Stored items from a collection
=======

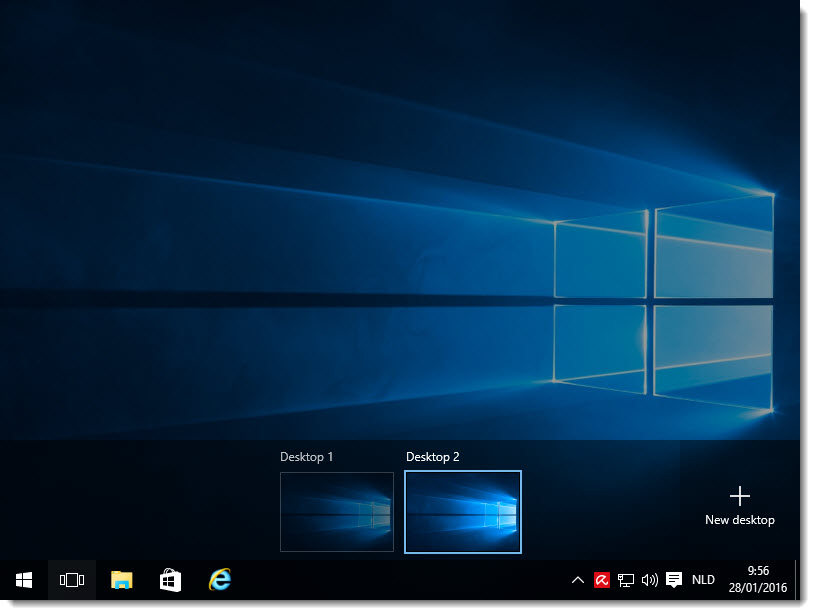 Windows 10 Virtual Desktops - The Smart Way?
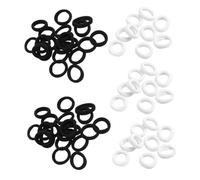 BESPORTBLE 200pezzi Elastici per Capelli Piccoli per Bambine Fasce Elastiche senza Cuciture per Ragazzo Ragazza Ragazza Ragazzo Piccoli e Bambine Accessori Affidabili per Tutti i Giorni
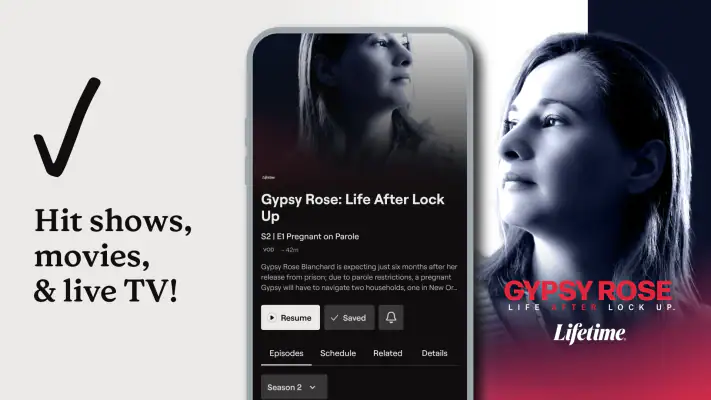 Philo: Shows, Movies, Live TV. screenshot 1
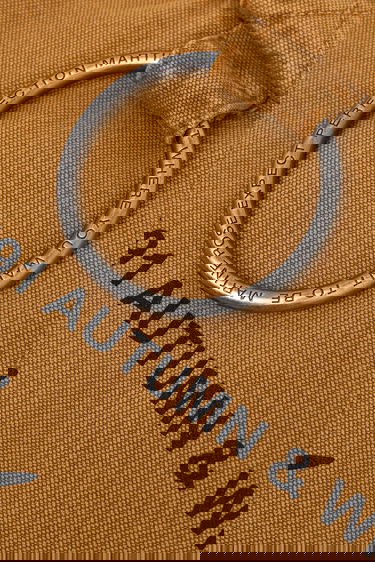 Tygpåse Martine Rose Martine Rose Bondage Tote Bag Brun | 1207WP22718, 3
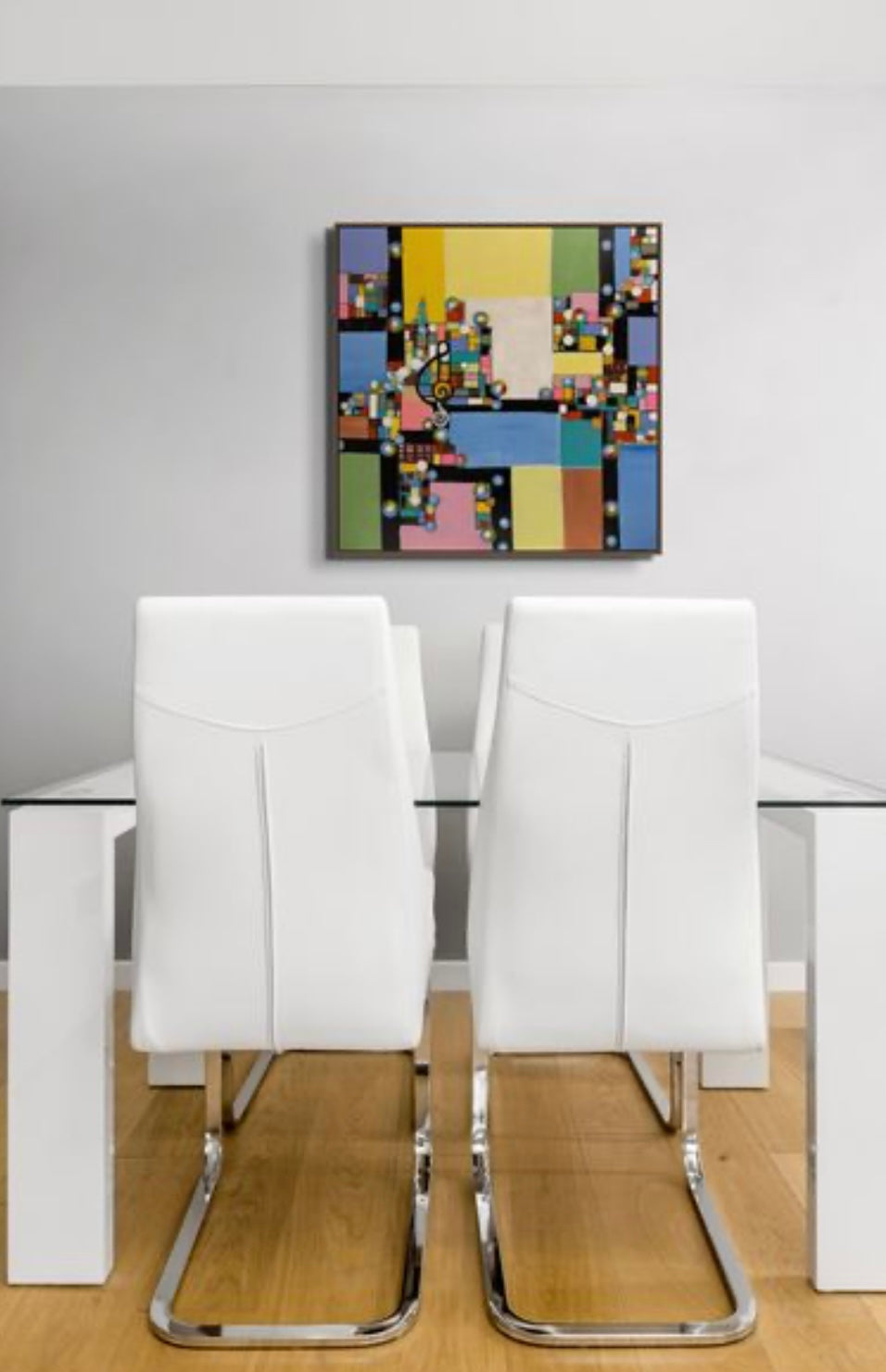 Let the Music Begin 24"x24"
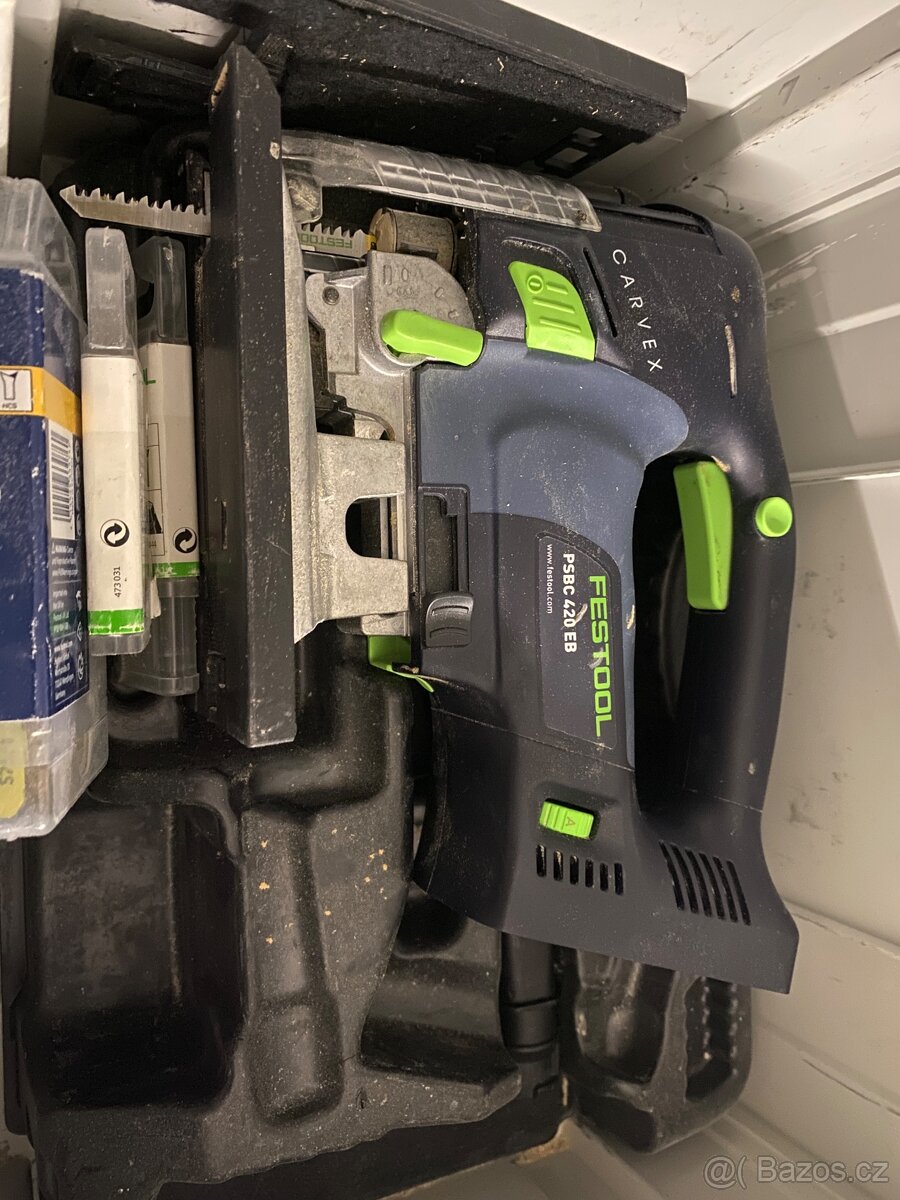 Přímočará pila Festool PSBC 420 EB - 6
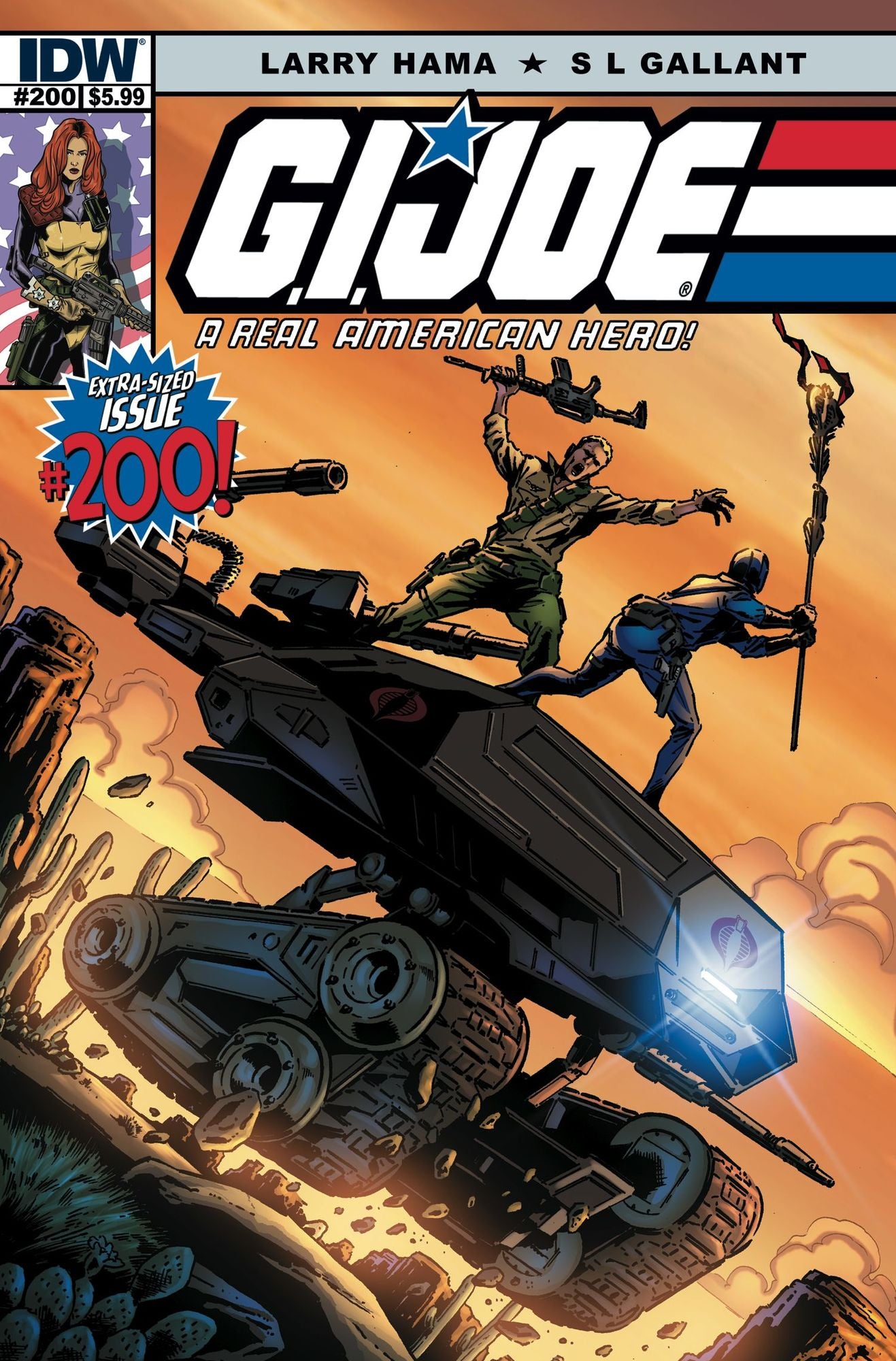 G.I. Joe: A Real American Hero #200
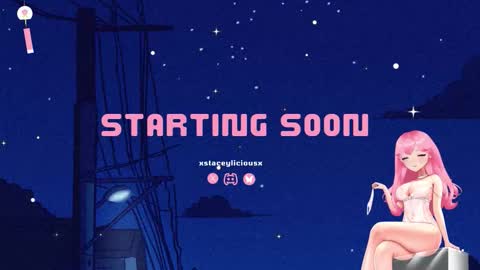 XstaceyliciousX online show from 19, 10, 2025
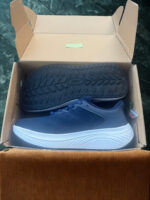Women's Lightweight blue Mesh Walking Sneakers – Comfortable Lace-Up Casual Athletic Shoes - Image 2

=======

What is needed |
Begin at the line containing "Tygpåse Martine Rose" and write out every line to the end of the data exactly. Skip the pictures.

Output of the exercise |
 Tygpåse Martine Rose Martine Rose Bondage Tote Bag Brun | 1207WP22718, 3
 Let the Music Begin 24"x24"
 Přímočará pila Festool PSBC 420 EB - 6
 G.I. Joe: A Real American Hero #200
 XstaceyliciousX online show from 19, 10, 2025
Women's Lightweight blue Mesh Walking Sneakers – Comfortable Lace-Up Casual Athletic Shoes - Image 2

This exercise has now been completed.